“And with the (university) experience so dramatically decreased or disabled, a lot of parents are saying: ‘Do I really want to pay $58,000, $68,000 a year for a series of Zoom (Video) classes?'” — NYU Stern College of Business Professor of Marketing Scott Galloway on PBS, August 11

PHOTO: TOBIAS HASE/dpa/Alamy Live News

Who is kidding whom?

After 16 years in all-things-digital Silicon Valley and teaching public relations, corporate communications and investor relations as a Central Washington University assistant professor for four years, Almost DailyBrett knows from direct teaching experience that online education is a poor substitute for the real thing.

Your author taught Introduction to Public Relations and Advertising Fundamentals in the classroom with my students working in teams, and online (hopefully students were listening and taking notes). Let’s state the obvious: Being able to look students in the eye and measure their reaction is far better than Panopto recordings.

If students are not receiving the same education online, why should they pay the same tuition or (gasp) even more for inferior education? Is it moral to charge the same or more for less?

More to the point: Shouldn’t students be paying less for a diminished product? The answer is obvious.

As Professor Galloway would say: ‘This is not a debate, but an I.Q. Test.’

Worse yet, one of the most expensive universities, if not the most costly in the country (NYU), just made the “tone deaf” decision to raise tuition 3.5 percent for … online classes only. How many others are making the same unfortunate decision for Zoom Video Courses?

The classrooms and university housing are closed; the HVAC and cleaning costs are diminished. Out-of-state and foreign students are still paying enhanced tuition and fees in order to stay at home and digitally participate through chat rooms and file sharing.

Buy Low Sell High

“It is a paradoxical truth that tax rates are too high today and tax revenues are too low, and the soundest way to raise the revenues in the long run is to cut the tax rates.” – President John F. Kennedy, Economic Club of New York, December 1962.

“From adversity comes opportunity.” — Former Notre Dame Football Coach Lou Holtz

Here’s a revenue enhancement idea: Increase the size of freshman classes through lower tuition and online education.

A student walks through the Diag on the University of Michigan campus amid reports of college football cancellation, during the outbreak of the coronavirus disease (COVID-19), in Ann Arbor, Michigan, U.S., August 10, 2020. REUTERS/Emily Elconin

The standards for admission need to stay the same, but the number of freshman can easily increase because they are not constrained by classroom size or university housing and parking.

Some prestige universities that thrive on noses-in-the-air exclusivity (i.e., Harvard, Yale, Princeton, Penn, Chicago, Stanford) may have zero interest in expanding their freshmen classes, but they are not the norm … far from it.

Just as Borders bit the dust because it was restricted by bricks and mortar, Amazon thrived in the same markets because of a lack of restraints on its inventory and ability to sell to an unlimited number of customers. Universities have zero inhibitors when it comes to expanding revenues because they can always attract more freshmen and transfers with online education and lower tuition.

Reducing tuition right in the midst of the Covid-19 catastrophe may seem counterintuitive, but it may be exactly what higher education needs right here and now. Universities historically do better when economic conditions are less than ideal (e.g., 2007-2009 mortgage meltdown).

Your author made the choice to go back to school in 2010 at 55-years-young, attaining his M.A. in Communication and Society from the University of Oregon School of Journalism and Communication (SOJC).

The State of Washington demonstrated the wisdom and courage to reduce its tuition during two successive academic years by-20 percent, and the result was … more students.

If college and universities are under the gun because of Covid-19, then maybe they should reduce tuition and increase the number of students to actually generate more revenue? This model worked successfully for the State of Washington. Your author was right there on campus in bucolic Ellensburg at the time.

The limiting factors were the cost of student housing, which escalated because of the greater number of students (e.g., demand) and the lack of parking spaces. Are these constraints applicable in an all-online teaching and learning environment? Nope.

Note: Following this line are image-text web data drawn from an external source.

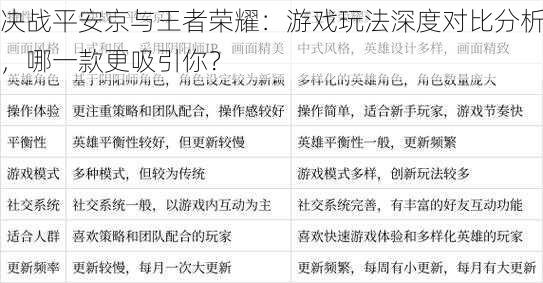 决战平安京与王者荣耀：游戏玩法深度对比分析，哪一款更吸引你？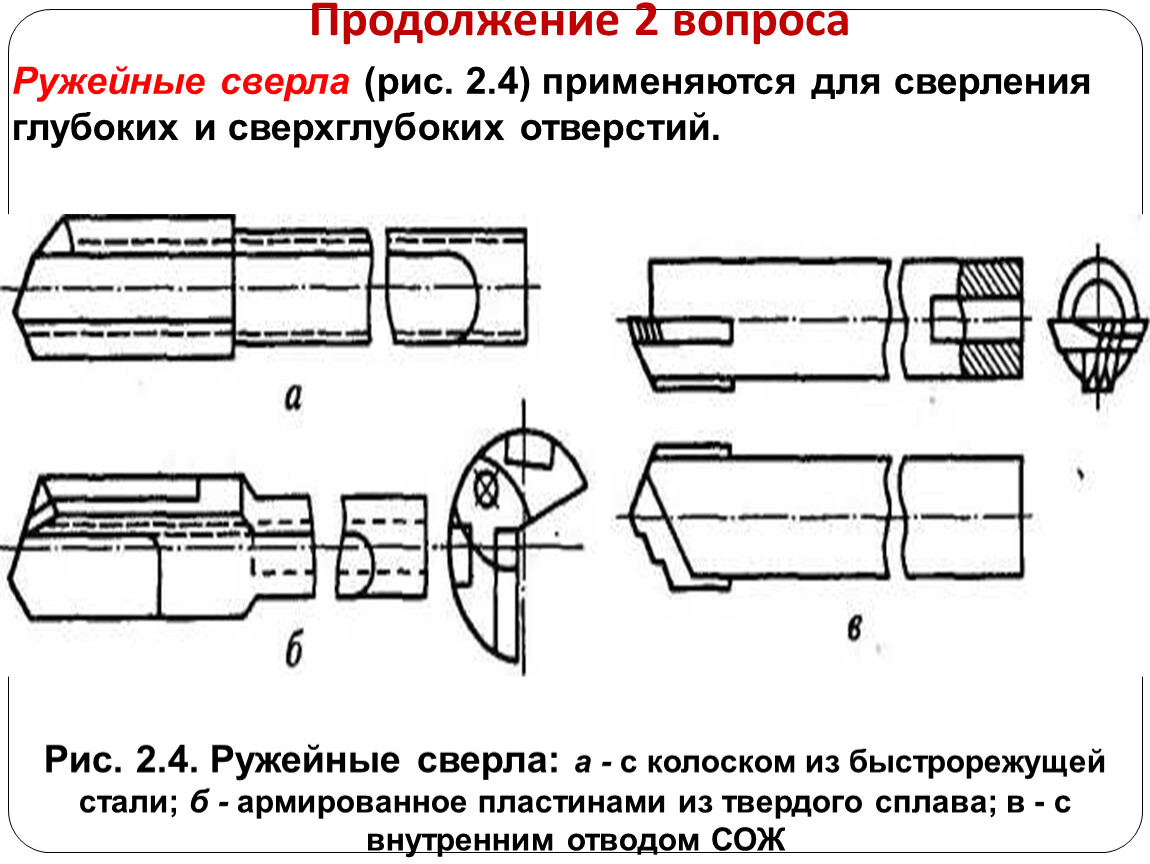 Сверло для глубокого сверления чертеж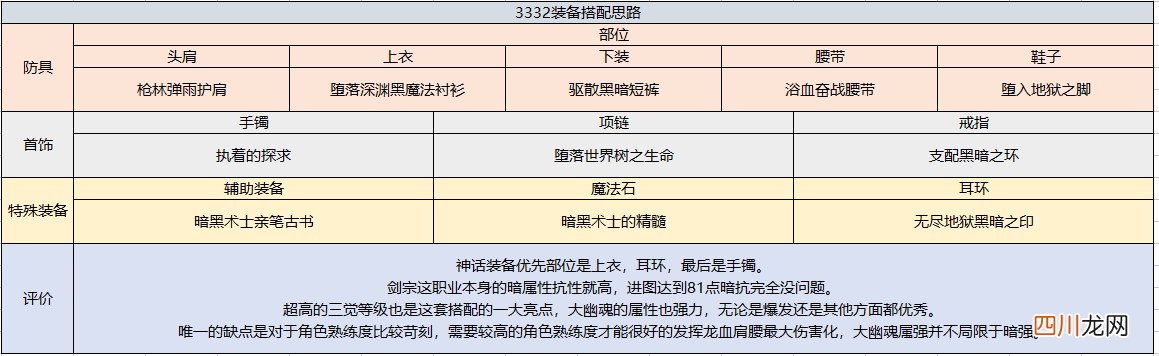 DNF110级驭剑士装备搭配 dnf驭剑士需要什么属性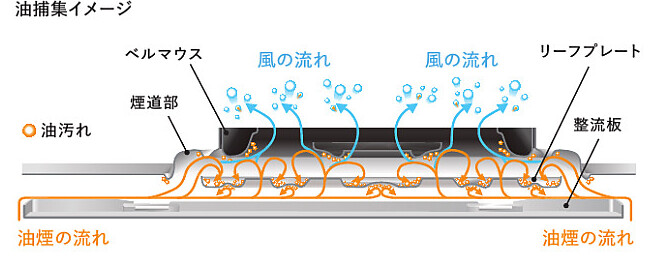 とってもクリーンフード3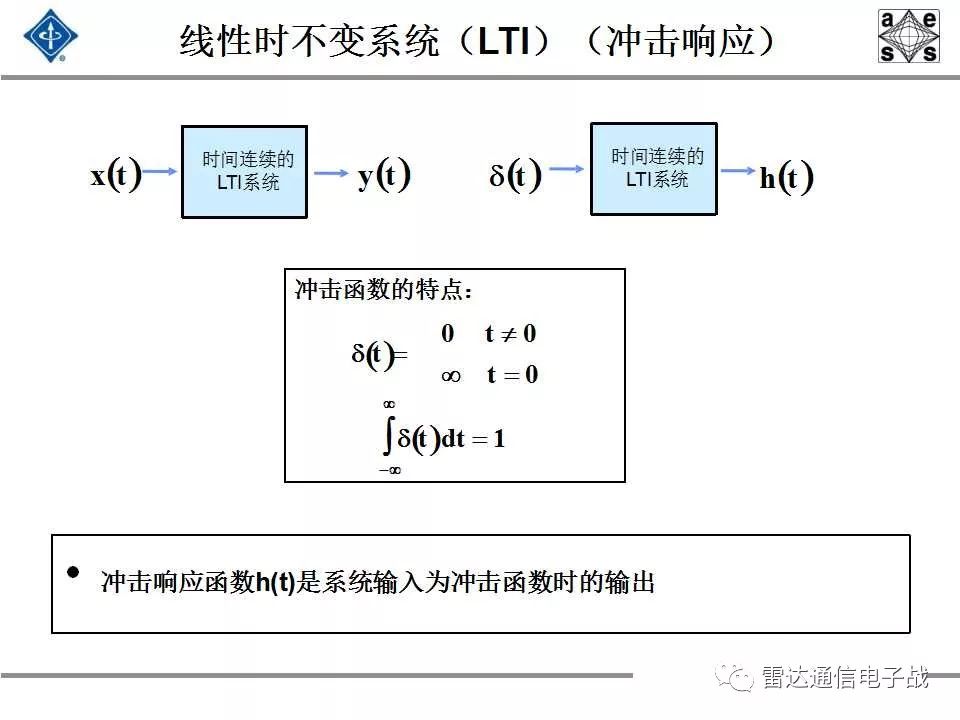 现代信号处理与雷达信号处理,雷达信号处理和数字图像处理
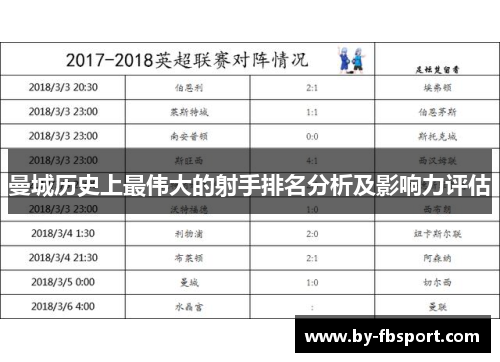 曼城历史上最伟大的射手排名分析及影响力评估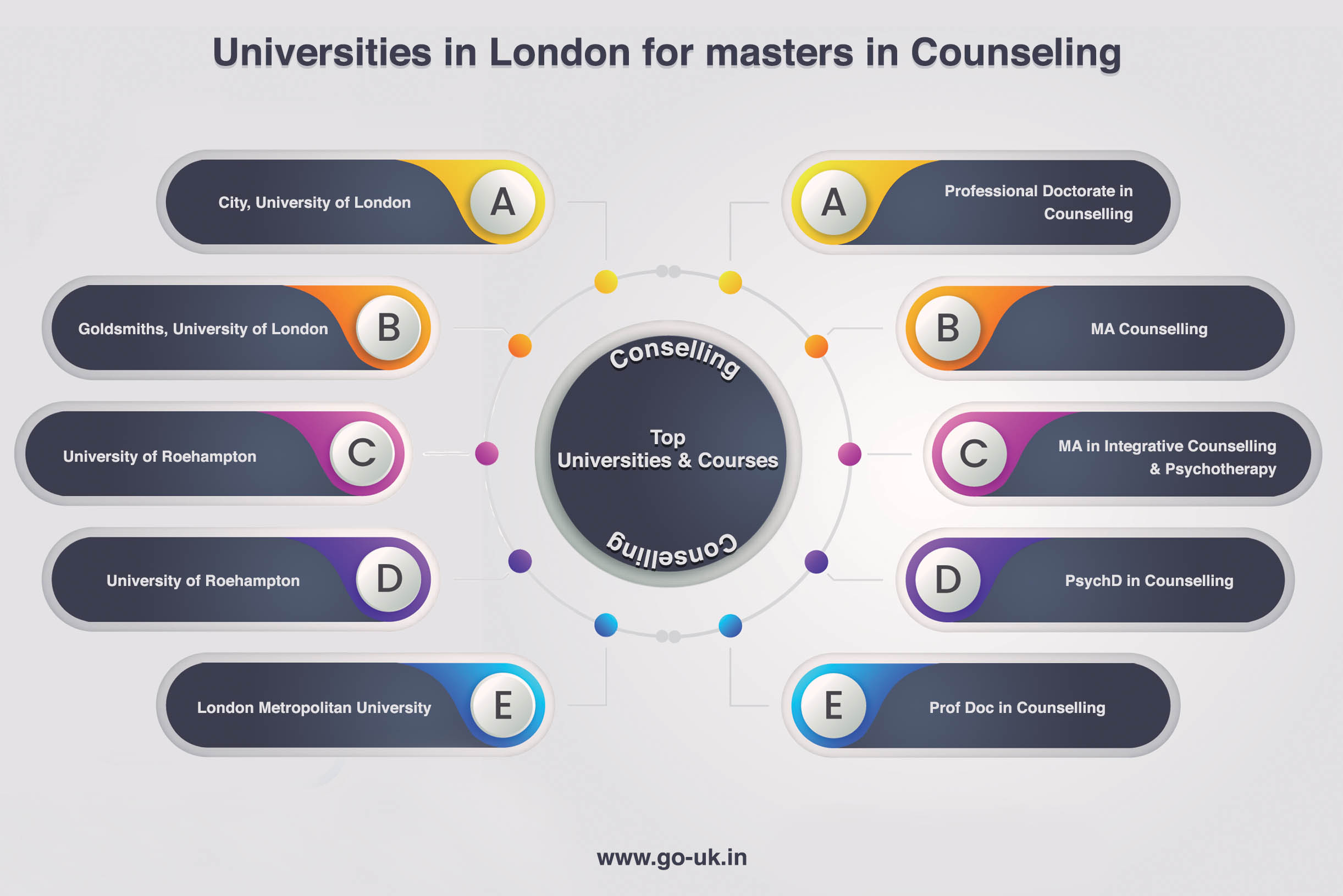 Universities in London for Masters in Counselling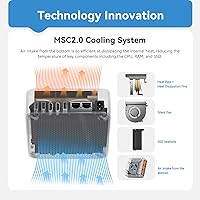 Beelink EQI13 PRO Mini PC, Intel Core i7-13620H, 32GB RAM, 500GB SSD — image 4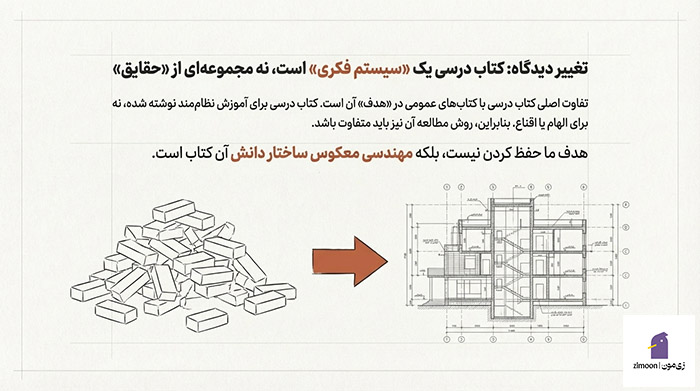 آموزش کتابخوانی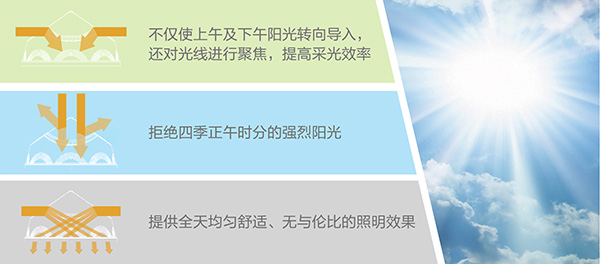 光導照明系統-鉆石形采光器設計理念 光導照明系統-鉆石形采光器設計理念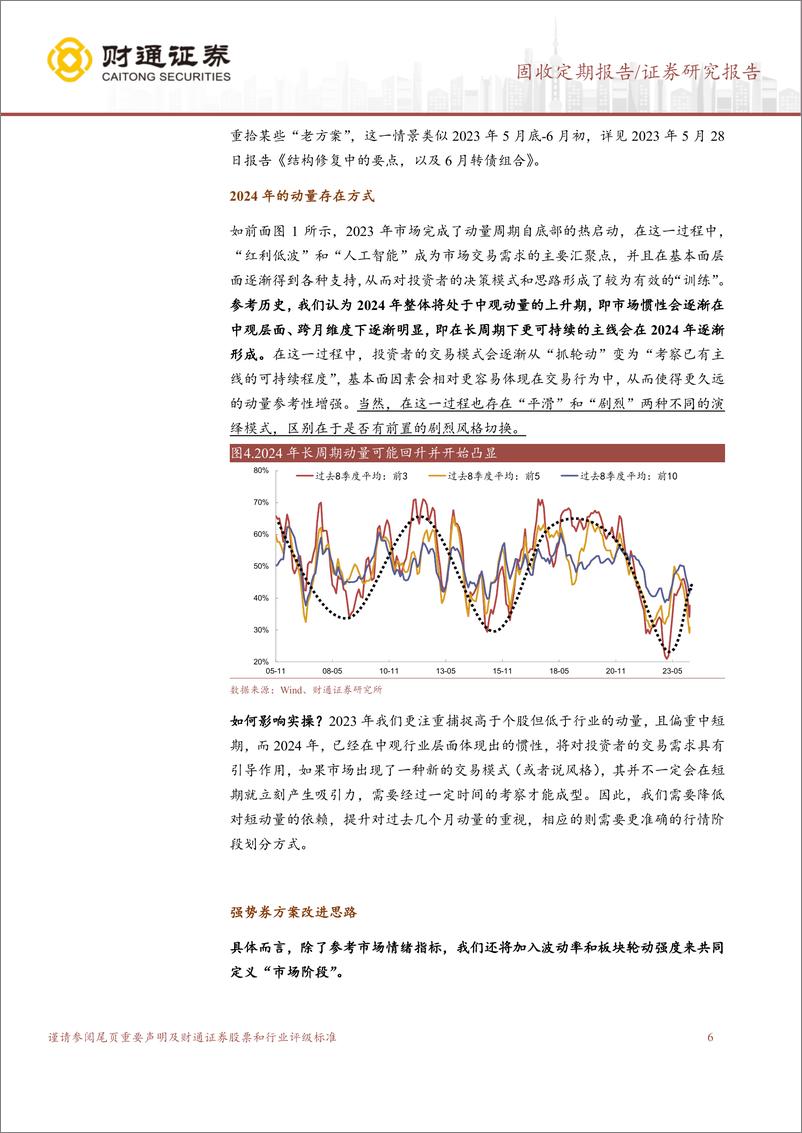 《强势券2024版：基调判断和改进方案-240311-财通证券-11页》 - 第6页预览图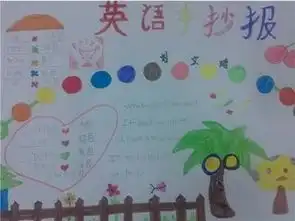 小学二年级英语手抄报样式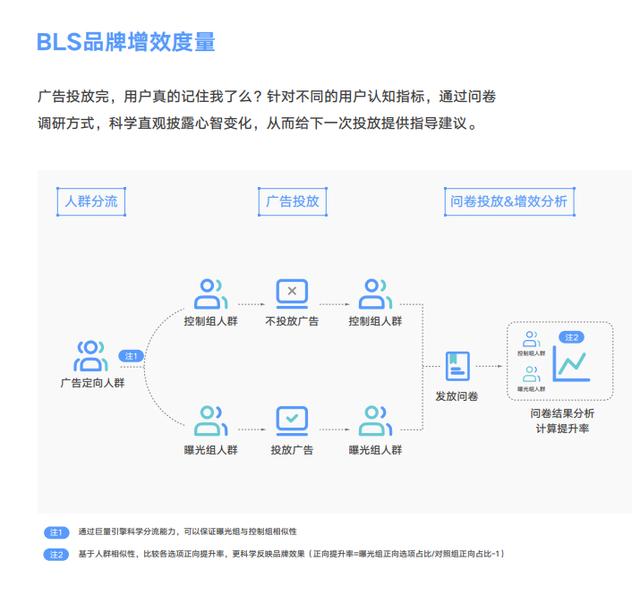 bowpad使用教程owpad（bowpad使用教程）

Looking forward to post Covid-19 vaccine environment, Galloway points to a more-or-less permanent hybrid in-the-classroom and online teaching environment. It’s hard to argue against this most likely conclusion. Higher education has permanently changed because of the Covid-19 100-year flood.

Let’s not kid ourselves. We can probably very well teach more introverted majors such as accounting, coding, semiconductor design and others online. Your author knows from direct experience this is not the case for public relations, marketing, corporate communications and investor relations. How can you teach music, education, architecture and other extroverted majors online?

It’s morally wrong to charge the same or even more for inferior online courses.

It may be even advantageous for colleges and universities to charge less and expand freshmen classes to actually increase, not decrease revenues.

The question then becomes one of retaining these larger freshmen classes into sophomore classes? That’s a happy problem to face.